Work request:
Using only the entries below, copy exactly the lines that begin at the one with "Бренд мохер свитер" and end at the one with "Plant Stakes 4.8FT, Natural", both included. Drop the pictures.

Task inputs:
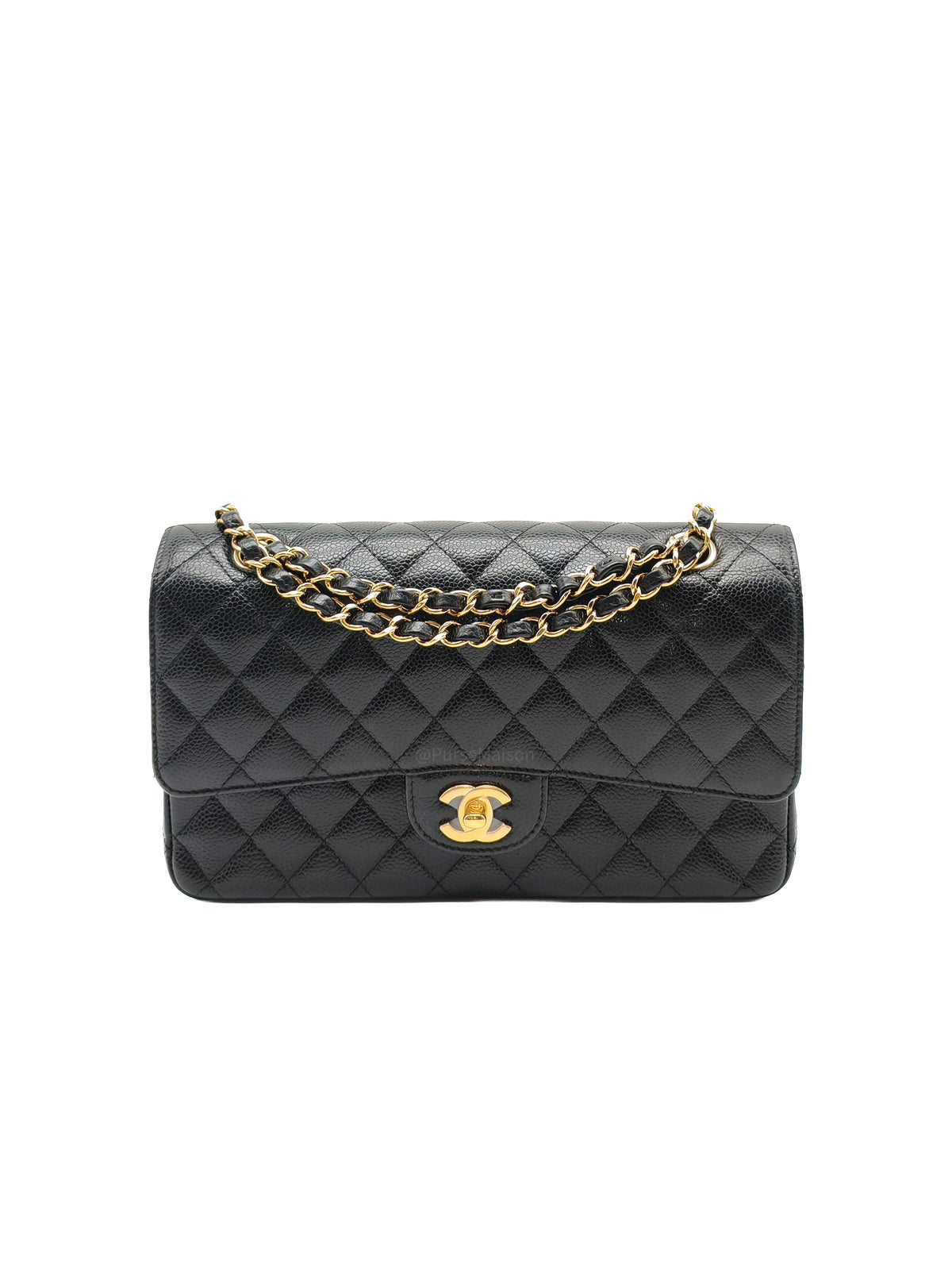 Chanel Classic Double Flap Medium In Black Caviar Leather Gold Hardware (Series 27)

...

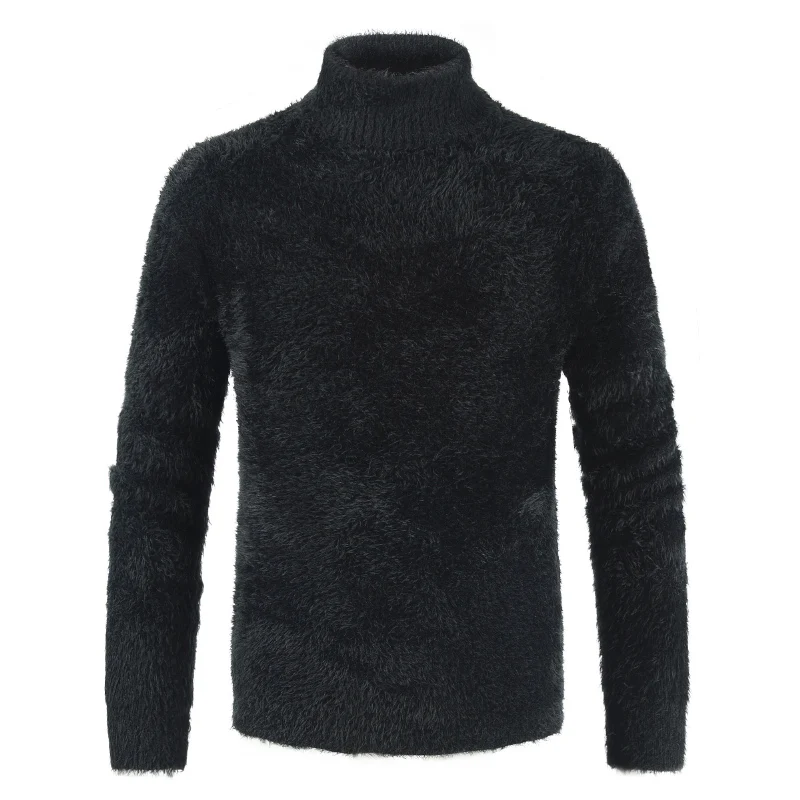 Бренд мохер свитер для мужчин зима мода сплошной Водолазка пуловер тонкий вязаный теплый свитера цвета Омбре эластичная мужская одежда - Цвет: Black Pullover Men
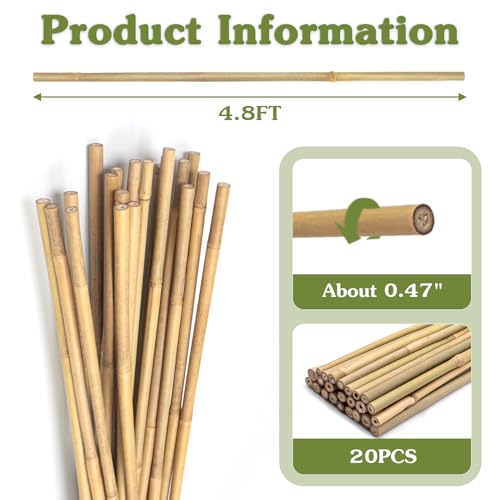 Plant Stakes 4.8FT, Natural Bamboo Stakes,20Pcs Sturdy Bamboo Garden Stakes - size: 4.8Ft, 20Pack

...

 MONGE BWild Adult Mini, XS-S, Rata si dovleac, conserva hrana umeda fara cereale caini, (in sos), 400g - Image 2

Answer space:
 Бренд мохер свитер для мужчин зима мода сплошной Водолазка пуловер тонкий вязаный теплый свитера цвета Омбре эластичная мужская одежда - Цвет: Black Pullover Men
 Plant Stakes 4.8FT, Natural Bamboo Stakes,20Pcs Sturdy Bamboo Garden Stakes - size: 4.8Ft, 20Pack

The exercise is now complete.